I realized that I could write about Robert’s screams only because during the last few weeks he was much calmer, happy really, than in the previous few months. So, it was easier to hypothesize about the causes of the cluster of behaviors that included loud noises, slapping his own face, and, sometimes, stumping his feet. The starting and the finish points were clear and easy to define. 

Very often, the screams sprout from confusion.

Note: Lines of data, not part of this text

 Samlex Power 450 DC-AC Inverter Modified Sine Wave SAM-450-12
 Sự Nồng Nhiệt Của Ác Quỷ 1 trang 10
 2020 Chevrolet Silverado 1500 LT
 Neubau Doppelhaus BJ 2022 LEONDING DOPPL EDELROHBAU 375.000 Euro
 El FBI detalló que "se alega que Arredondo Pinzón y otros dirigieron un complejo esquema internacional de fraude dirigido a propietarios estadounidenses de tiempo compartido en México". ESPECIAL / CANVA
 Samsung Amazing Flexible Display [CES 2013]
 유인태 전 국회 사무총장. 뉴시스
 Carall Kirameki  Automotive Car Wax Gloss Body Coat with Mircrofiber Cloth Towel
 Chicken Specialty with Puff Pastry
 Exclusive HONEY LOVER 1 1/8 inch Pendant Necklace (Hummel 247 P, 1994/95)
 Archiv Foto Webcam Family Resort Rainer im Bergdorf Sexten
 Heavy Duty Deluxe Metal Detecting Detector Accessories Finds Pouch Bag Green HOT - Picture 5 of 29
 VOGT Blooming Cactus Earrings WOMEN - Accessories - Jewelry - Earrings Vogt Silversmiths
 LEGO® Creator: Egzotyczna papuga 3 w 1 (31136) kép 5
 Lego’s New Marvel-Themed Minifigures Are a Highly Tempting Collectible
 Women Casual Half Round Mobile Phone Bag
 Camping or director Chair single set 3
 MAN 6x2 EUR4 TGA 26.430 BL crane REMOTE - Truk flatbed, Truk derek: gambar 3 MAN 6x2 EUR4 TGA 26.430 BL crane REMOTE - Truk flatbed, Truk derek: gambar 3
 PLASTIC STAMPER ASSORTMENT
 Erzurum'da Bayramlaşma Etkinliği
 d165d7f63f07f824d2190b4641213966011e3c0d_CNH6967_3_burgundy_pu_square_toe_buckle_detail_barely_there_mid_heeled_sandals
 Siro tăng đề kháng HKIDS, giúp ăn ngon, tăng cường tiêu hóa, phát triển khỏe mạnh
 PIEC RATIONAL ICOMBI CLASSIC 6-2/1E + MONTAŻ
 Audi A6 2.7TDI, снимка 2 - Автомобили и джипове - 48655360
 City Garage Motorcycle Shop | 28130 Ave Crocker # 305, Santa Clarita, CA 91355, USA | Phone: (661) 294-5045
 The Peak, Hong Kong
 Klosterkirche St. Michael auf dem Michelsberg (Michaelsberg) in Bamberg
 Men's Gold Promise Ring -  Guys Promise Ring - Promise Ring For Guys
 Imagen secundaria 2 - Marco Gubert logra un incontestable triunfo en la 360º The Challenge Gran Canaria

It was no later than 7 PM. I was not feeling good.  From my bedroom I called to Robert to bring me a bottle of water.  Robert was sitting on the sofa and seemed reluctant to move.  I asked again, and then I dozed off.  A few minutes later I woke up and asked Robert again to bring the bottle of water. Robert didn’t move.  But he produced a few short screams, the sounds of impatient irritation.  Only then, I noticed that the bottle of water was already on the nightstand next to my bed. Robert brought it when I was sleeping. Thus when I asked him for water that he had already fetched, he became confused.  He didn’t have tools to address that confusion. He couldn’t say, “I brought the water already”  or something similar. Even though he knew all the necessary words, he couldn’t recall them and string them together to respond properly. So he replaced words with the sounds of frustration. The screams subsided when  I said , “Robert, you brought the water already.  Thank you, thank you!”

They spring from pain.

He screams, stumps his feet, and hits his cheeks.  His eyes are red from desperation and powerlessness. I don’t know how to help him. He cannot tell what hurts.  I suspect that when he is in pain, he feels that he did something wrong and doesn’t want to admit it. I suspect that for him the pain is something that attacks him from within and thus he feels guilty that he brought it upon himself. I can only  guess that his pain  is related to his digestive system, as his belly  feels hard and bloated.  He tries to calm down, but cannot really.  He holds his breath as if holding air would alleviate his discomfort. Then he exhales in a heavy, artificial way. After a few minutes, the screams return. We are still baffled about origins of pain.  One doctor stated that he had spastic muscles in his face and neck. Sometimes I suspect it is related to asthma. I suspect it is because of gases. I suspect his eczema flare ups drive him mad. I suspect everything cannot confirm anything. So, I try to massage his cheeks, even though Robert moves backwards from me and keeps hitting his them. I give him additional pill of Zyrtek in case it is allergy.  I give him inhaler in case it is asthma related.  I give him Metamucil crackers in case of gases.  And I give him Advil if it is something else.  He looks at me as if he couldn’t understand what is happening to him and why I don’t help him. When he is in pain his eyes scream too.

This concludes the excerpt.